To do: Reproduce from the records below, with no pictures, exactly the lines between the one containing "Cat Rock Music Women's T-Shirt" and the one containing "Ford Transit Wagon", inclusive.

Records from a collection:
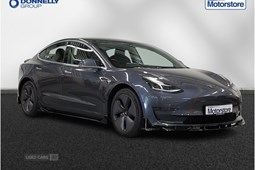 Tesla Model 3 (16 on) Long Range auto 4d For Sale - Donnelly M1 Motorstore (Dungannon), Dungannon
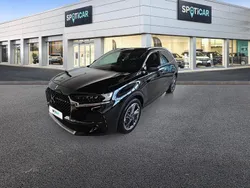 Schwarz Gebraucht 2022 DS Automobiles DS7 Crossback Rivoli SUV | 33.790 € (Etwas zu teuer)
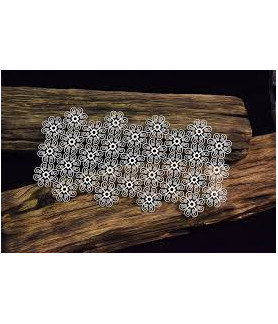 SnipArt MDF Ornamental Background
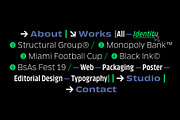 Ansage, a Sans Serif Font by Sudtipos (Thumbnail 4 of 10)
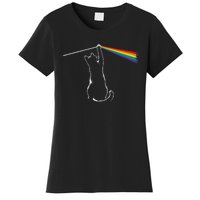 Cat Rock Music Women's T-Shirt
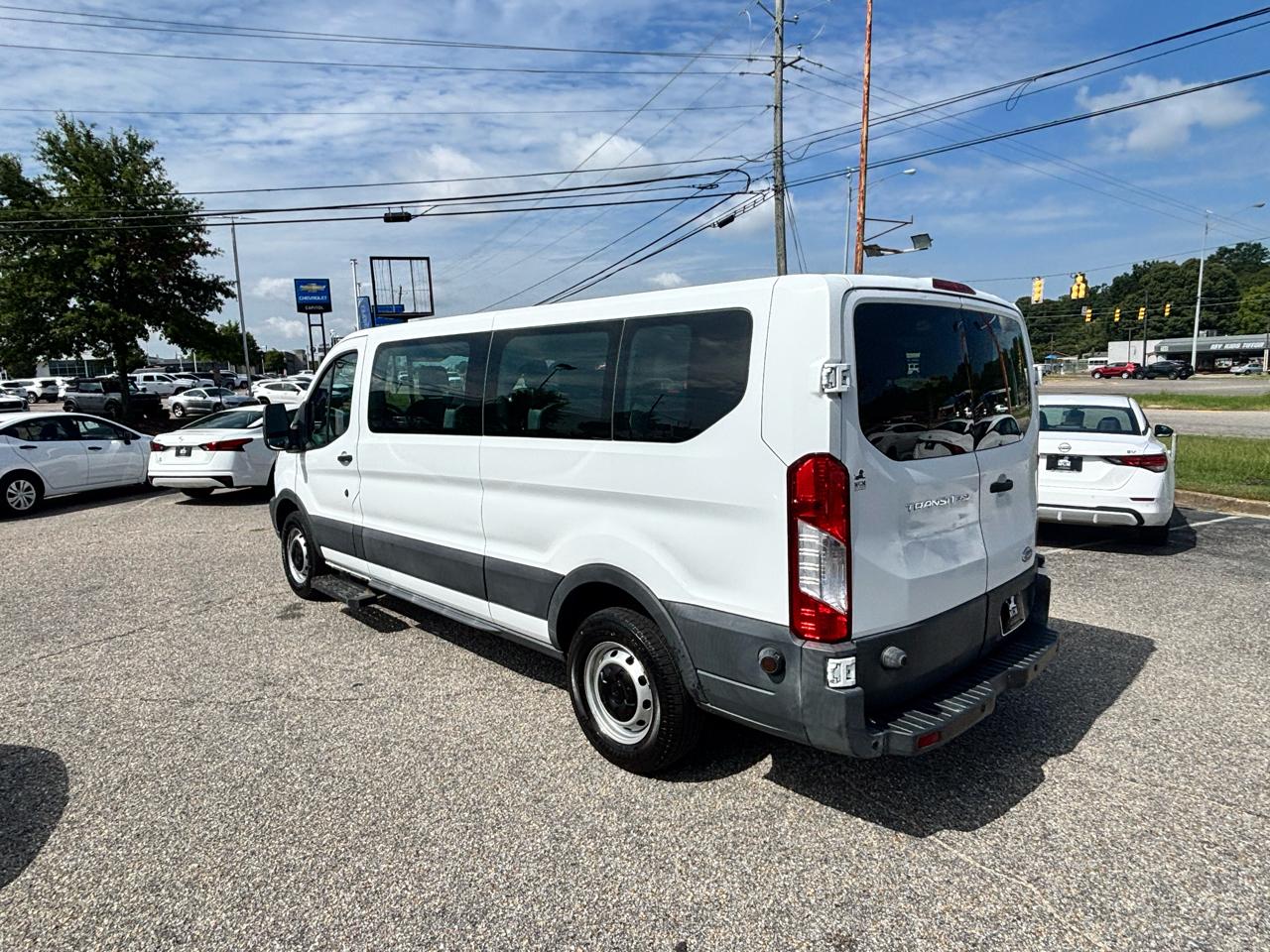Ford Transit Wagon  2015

* * *

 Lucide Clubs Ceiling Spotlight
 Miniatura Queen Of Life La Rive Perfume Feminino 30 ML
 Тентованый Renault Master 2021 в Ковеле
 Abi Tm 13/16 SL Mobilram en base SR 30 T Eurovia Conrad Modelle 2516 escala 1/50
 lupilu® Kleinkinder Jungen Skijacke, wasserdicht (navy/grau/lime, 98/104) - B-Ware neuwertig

Task output:
 Cat Rock Music Women's T-Shirt
Ford Transit Wagon  2015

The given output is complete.